* About this exercise *
From the line that contains "Garnier Color Naturals, Shade 5.32, Caramel" to the last line of the data below, transcribe every line exactly. Do not include the pictures.

* Collected data *
+++++
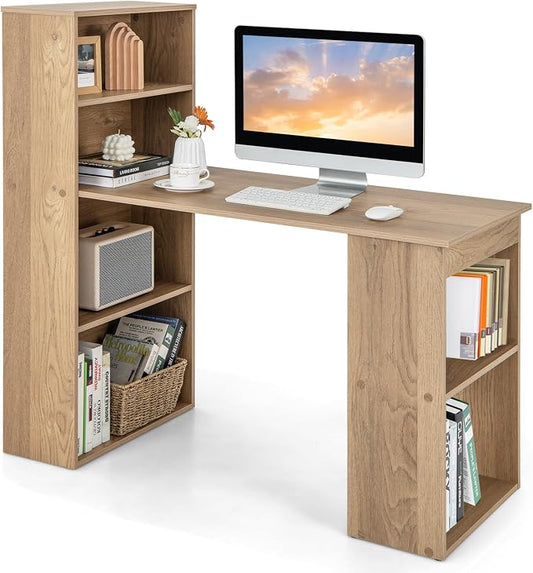 Giantex 48 Inch Computer Desk with Bookshelf, 3-in-1 Home Office Desk with 4-Tier Bookcase & CPU Stand, Space-Saving Reversible Writing Desk Work Table for Bedroom, Study Room, Office (Natural) by Giantex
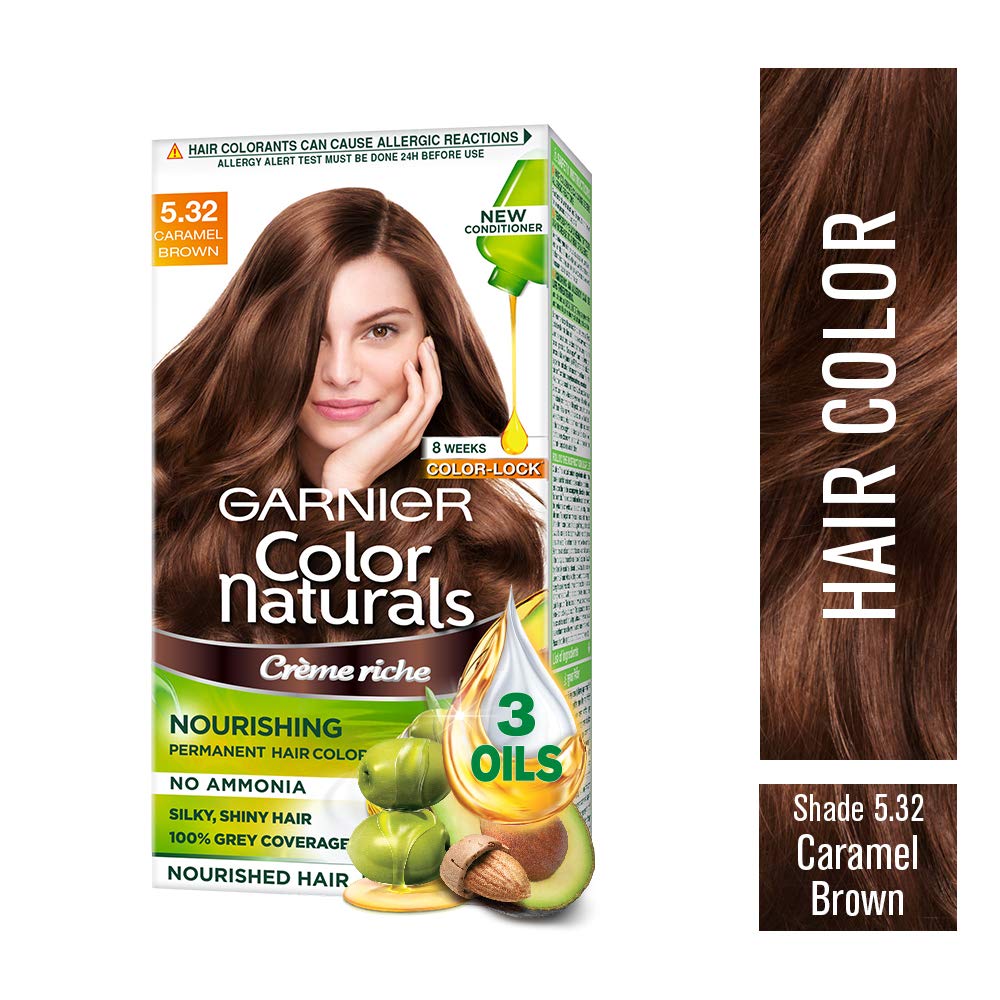 Garnier Color Naturals, Shade 5.32, Caramel Brown 70ml+60g and Garnier Color Naturals, Shade 1, Natural Black 70 ml + 60 gm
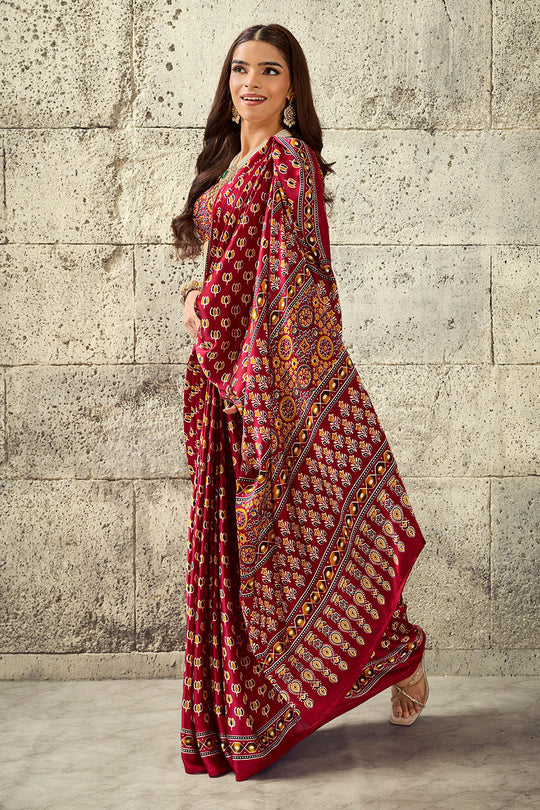 Karishma Red Modal Satin Ajrakh Print Ready to Wear Saree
+++++
* Your solution *
 Garnier Color Naturals, Shade 5.32, Caramel Brown 70ml+60g and Garnier Color Naturals, Shade 1, Natural Black 70 ml + 60 gm
 Karishma Red Modal Satin Ajrakh Print Ready to Wear Saree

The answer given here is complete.